■ What the task requires:
Reproduce the data shown below exactly.

■ Given data:
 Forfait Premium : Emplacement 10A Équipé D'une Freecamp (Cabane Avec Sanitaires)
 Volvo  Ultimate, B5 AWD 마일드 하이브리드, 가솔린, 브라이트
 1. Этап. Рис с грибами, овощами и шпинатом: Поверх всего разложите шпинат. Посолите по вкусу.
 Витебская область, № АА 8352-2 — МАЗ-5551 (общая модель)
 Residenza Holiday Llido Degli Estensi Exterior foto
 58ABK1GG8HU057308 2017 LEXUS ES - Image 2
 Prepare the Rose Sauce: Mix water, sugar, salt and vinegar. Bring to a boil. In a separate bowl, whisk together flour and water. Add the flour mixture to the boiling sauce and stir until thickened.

■ Task response:
 Forfait Premium : Emplacement 10A Équipé D'une Freecamp (Cabane Avec Sanitaires)
 Volvo  Ultimate, B5 AWD 마일드 하이브리드, 가솔린, 브라이트
 1. Этап. Рис с грибами, овощами и шпинатом: Поверх всего разложите шпинат. Посолите по вкусу.
 Витебская область, № АА 8352-2 — МАЗ-5551 (общая модель)
 Residenza Holiday Llido Degli Estensi Exterior foto
 58ABK1GG8HU057308 2017 LEXUS ES - Image 2
 Prepare the Rose Sauce: Mix water, sugar, salt and vinegar. Bring to a boil. In a separate bowl, whisk together flour and water. Add the flour mixture to the boiling sauce and stir until thickened.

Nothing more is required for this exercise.